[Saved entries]
........

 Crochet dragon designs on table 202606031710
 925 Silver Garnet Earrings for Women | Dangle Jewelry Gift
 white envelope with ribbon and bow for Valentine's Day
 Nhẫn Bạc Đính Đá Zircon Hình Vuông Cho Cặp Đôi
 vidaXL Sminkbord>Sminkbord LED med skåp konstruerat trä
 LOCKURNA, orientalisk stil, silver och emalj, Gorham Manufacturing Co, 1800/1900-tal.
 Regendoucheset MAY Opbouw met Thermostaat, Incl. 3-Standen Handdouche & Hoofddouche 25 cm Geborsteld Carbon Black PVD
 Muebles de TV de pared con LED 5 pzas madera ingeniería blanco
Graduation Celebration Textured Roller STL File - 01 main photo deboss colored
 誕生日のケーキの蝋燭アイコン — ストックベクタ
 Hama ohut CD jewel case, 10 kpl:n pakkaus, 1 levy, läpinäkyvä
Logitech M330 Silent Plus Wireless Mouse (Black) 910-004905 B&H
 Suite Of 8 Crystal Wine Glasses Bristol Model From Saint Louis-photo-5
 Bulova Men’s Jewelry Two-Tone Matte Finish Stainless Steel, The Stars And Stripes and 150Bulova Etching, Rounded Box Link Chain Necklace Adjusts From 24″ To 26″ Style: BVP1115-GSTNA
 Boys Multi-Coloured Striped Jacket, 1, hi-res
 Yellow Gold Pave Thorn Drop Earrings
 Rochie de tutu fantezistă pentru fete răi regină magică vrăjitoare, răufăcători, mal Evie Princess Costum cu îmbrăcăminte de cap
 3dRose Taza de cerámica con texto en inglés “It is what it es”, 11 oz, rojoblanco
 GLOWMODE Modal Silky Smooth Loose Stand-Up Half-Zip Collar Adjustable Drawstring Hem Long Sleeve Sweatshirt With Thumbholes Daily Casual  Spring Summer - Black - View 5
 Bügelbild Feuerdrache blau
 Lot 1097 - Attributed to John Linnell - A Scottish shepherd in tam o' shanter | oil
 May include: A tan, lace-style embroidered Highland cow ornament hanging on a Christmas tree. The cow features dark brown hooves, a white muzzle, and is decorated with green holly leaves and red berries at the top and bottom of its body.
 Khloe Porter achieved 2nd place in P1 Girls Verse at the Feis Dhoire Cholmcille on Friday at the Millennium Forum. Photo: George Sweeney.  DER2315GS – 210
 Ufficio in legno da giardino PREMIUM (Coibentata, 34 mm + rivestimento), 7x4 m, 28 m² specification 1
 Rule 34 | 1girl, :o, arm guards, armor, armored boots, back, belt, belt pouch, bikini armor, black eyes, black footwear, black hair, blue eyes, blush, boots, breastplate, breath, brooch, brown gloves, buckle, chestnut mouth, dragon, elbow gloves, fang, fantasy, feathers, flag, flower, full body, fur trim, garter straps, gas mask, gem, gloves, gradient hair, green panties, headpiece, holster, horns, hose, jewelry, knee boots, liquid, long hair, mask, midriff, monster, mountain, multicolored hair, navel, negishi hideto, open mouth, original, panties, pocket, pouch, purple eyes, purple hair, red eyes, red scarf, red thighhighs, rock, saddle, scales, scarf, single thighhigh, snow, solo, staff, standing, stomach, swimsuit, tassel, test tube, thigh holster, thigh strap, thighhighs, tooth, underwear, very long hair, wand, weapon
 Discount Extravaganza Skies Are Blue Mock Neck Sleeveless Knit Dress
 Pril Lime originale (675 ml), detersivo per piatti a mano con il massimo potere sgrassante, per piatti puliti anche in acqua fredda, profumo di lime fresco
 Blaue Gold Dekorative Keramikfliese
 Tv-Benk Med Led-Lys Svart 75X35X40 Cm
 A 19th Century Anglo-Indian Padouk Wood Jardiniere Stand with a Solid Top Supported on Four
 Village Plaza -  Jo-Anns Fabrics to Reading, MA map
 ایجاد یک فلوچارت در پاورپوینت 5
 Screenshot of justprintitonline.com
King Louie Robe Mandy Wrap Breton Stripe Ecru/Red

........

> Instructions for the task
With the line that has "Boys Multi-Coloured Striped" as the first and the line that has "Lot 1097 - Attributed" as the last, repeat exactly that run of lines above and no more.

> Response to this task
 Boys Multi-Coloured Striped Jacket, 1, hi-res
 Yellow Gold Pave Thorn Drop Earrings
 Rochie de tutu fantezistă pentru fete răi regină magică vrăjitoare, răufăcători, mal Evie Princess Costum cu îmbrăcăminte de cap
 3dRose Taza de cerámica con texto en inglés “It is what it es”, 11 oz, rojoblanco
 GLOWMODE Modal Silky Smooth Loose Stand-Up Half-Zip Collar Adjustable Drawstring Hem Long Sleeve Sweatshirt With Thumbholes Daily Casual  Spring Summer - Black - View 5
 Bügelbild Feuerdrache blau
 Lot 1097 - Attributed to John Linnell - A Scottish shepherd in tam o' shanter | oil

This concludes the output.